Now you can just run cmake --preset windows-release and vcpkg will automatically download and compile SDL3 for you. The first time you do that, it’s gonna take a while, but then everything is cached and a lot faster on subsequent runs. Then you can run cmake --build build/windows-release and it will compile your code. That’s just main.cpp in this case, but you can add more files to CMakeLists.txt as needed.
If you then want to add sqlite support, like I did, you only have to add two extra lines to vcpkg.json: "sqlite3", and "sqlitecpp". And add SQLiteCpp to the target_link_libraries in CMakeLists.txt. After that run a cmake --fresh --preset windows-release and SQLite is ready to use.

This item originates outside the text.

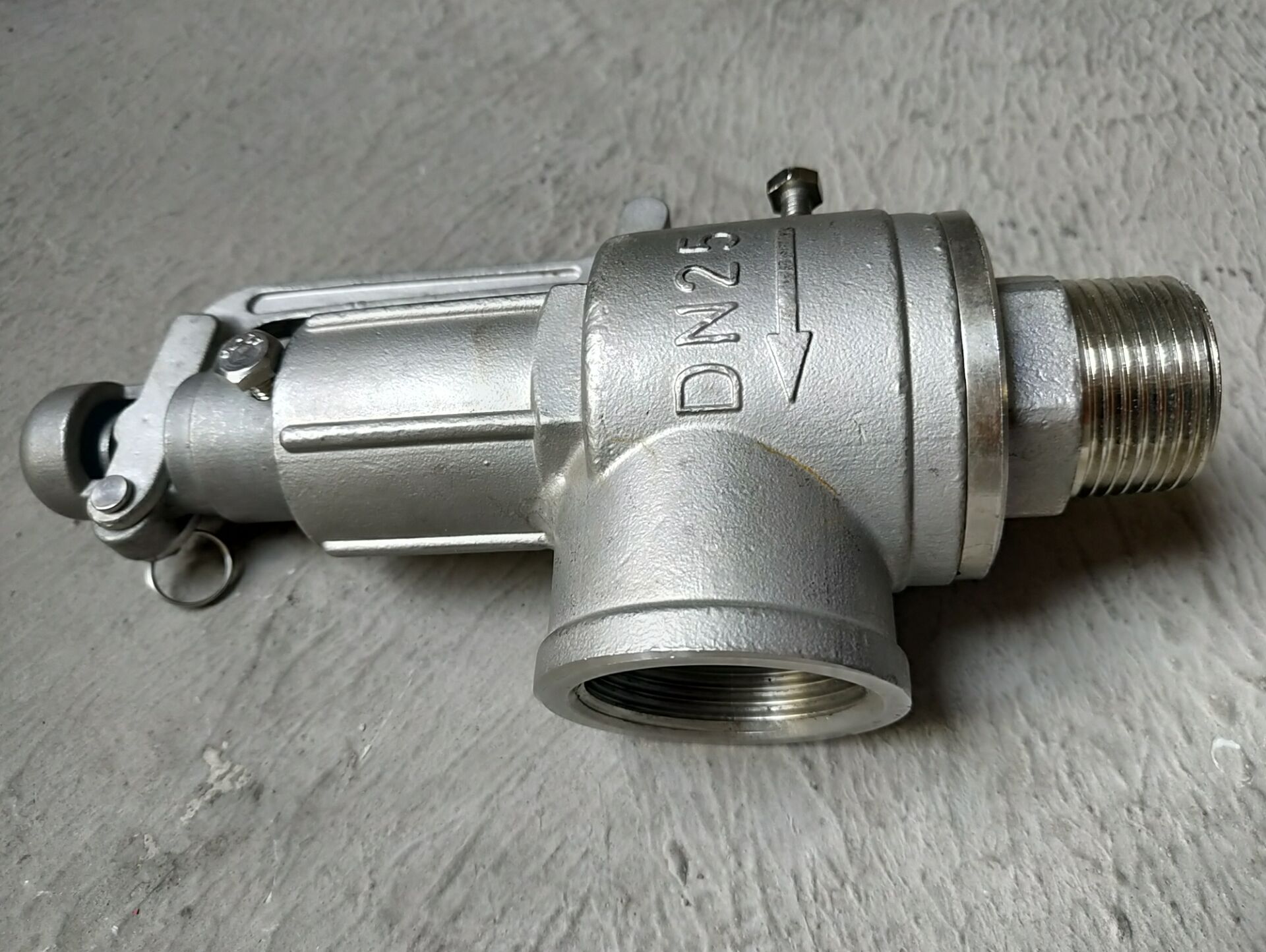 a28w16p不锈钢316安全阀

Also - remember how I said “it caches everything” earlier? If you do end up in some weird, broken state, were nothing seems to work - delete the entire vcpkg folder, as well as .cache/vcpkg and then run git clone and ./bootstrap-vcpkg.sh -disableMetrics again. And yes, you have to add “-disableMetrics” every time to opt out of telemetry, because Microsoft. That goes completely against how stuff on Linux usually works and is not normal or common in any way. As you can see, everything else we installed - except for vcpkg - just used apt-install and was no-telemetry by default. That’s how things usually are.
The Struggle
It took me quite a while and some effort, to finally end up with that setup. Maybe it’s just me - but most of that stuff was not really evident to me, and not really easy to figure out. I tried getting help from LLMs like chatGPT, but they proved surprisingly bad at this - giving misleading advice, being overconfident in knowing “the actual true solution this time honestly for real” - while going in circles and just suggesting the same nonsense over and over again. What do they say about people trying the same thing over and over again and expecting different results?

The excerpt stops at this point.